**Brief**
Below are some records. Return exactly their lines from the one containing "In the ninth" through the one containing "The 2004 Ford", and drop the pictures.

(Beginning of Data supplied)

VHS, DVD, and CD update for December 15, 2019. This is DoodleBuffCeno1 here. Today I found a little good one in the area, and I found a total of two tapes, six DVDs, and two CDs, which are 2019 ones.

(End of Data supplied)
(Beginning of Data supplied)

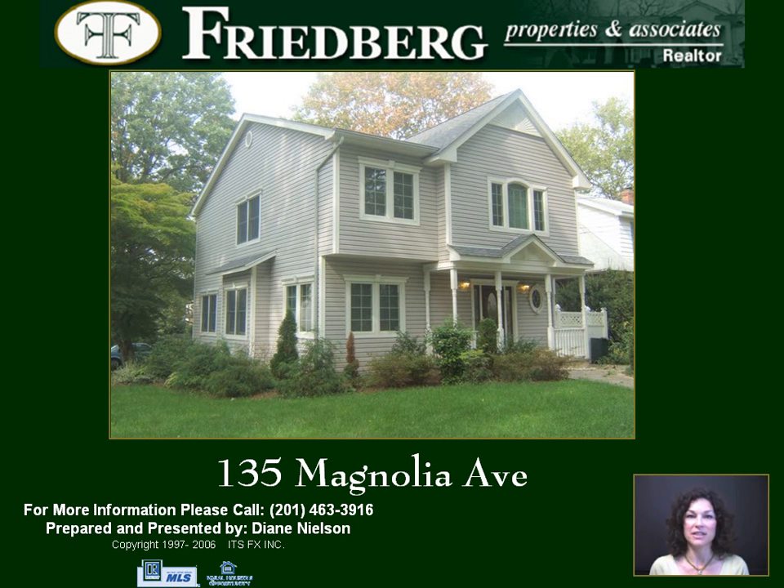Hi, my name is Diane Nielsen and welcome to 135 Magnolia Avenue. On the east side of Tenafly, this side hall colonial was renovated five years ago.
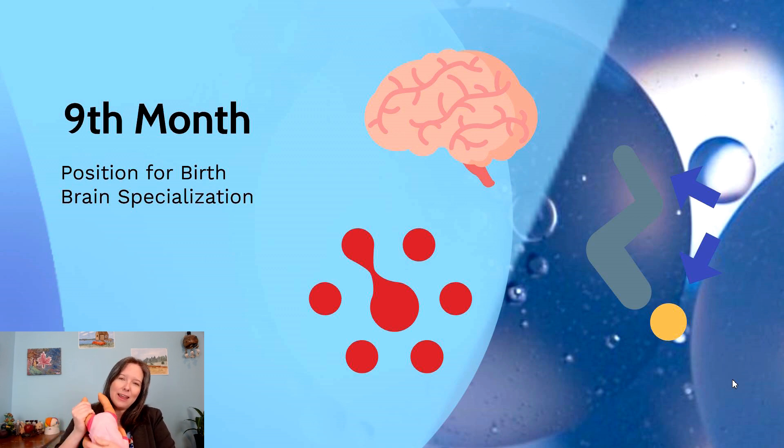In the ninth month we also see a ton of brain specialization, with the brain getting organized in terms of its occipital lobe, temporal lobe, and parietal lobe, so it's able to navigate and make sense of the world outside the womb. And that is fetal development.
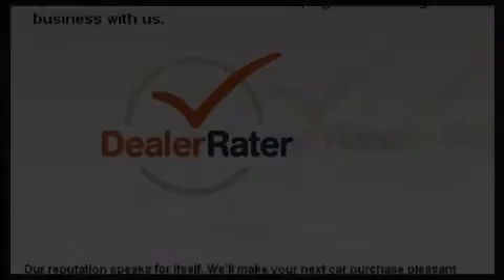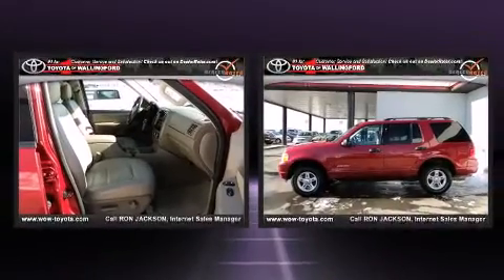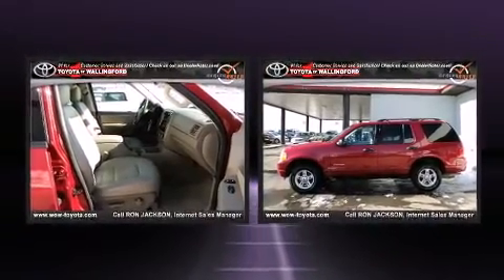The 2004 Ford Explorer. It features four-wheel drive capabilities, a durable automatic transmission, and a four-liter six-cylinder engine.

(End of Data supplied)
(Beginning of Data supplied)

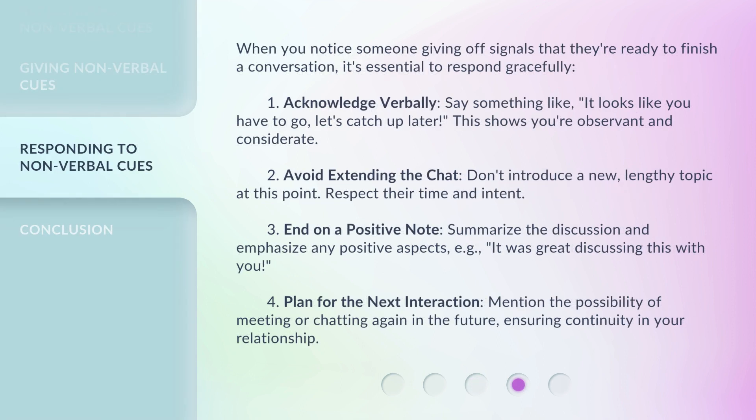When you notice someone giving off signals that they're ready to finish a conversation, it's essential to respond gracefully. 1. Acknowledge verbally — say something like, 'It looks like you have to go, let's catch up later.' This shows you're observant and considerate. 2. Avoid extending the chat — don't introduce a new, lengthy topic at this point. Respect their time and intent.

(End of Data supplied)

**Response to this task**
In the ninth month we also see a ton of brain specialization, with the brain getting organized in terms of its occipital lobe, temporal lobe, and parietal lobe, so it's able to navigate and make sense of the world outside the womb. And that is fetal development.
The 2004 Ford Explorer. It features four-wheel drive capabilities, a durable automatic transmission, and a four-liter six-cylinder engine.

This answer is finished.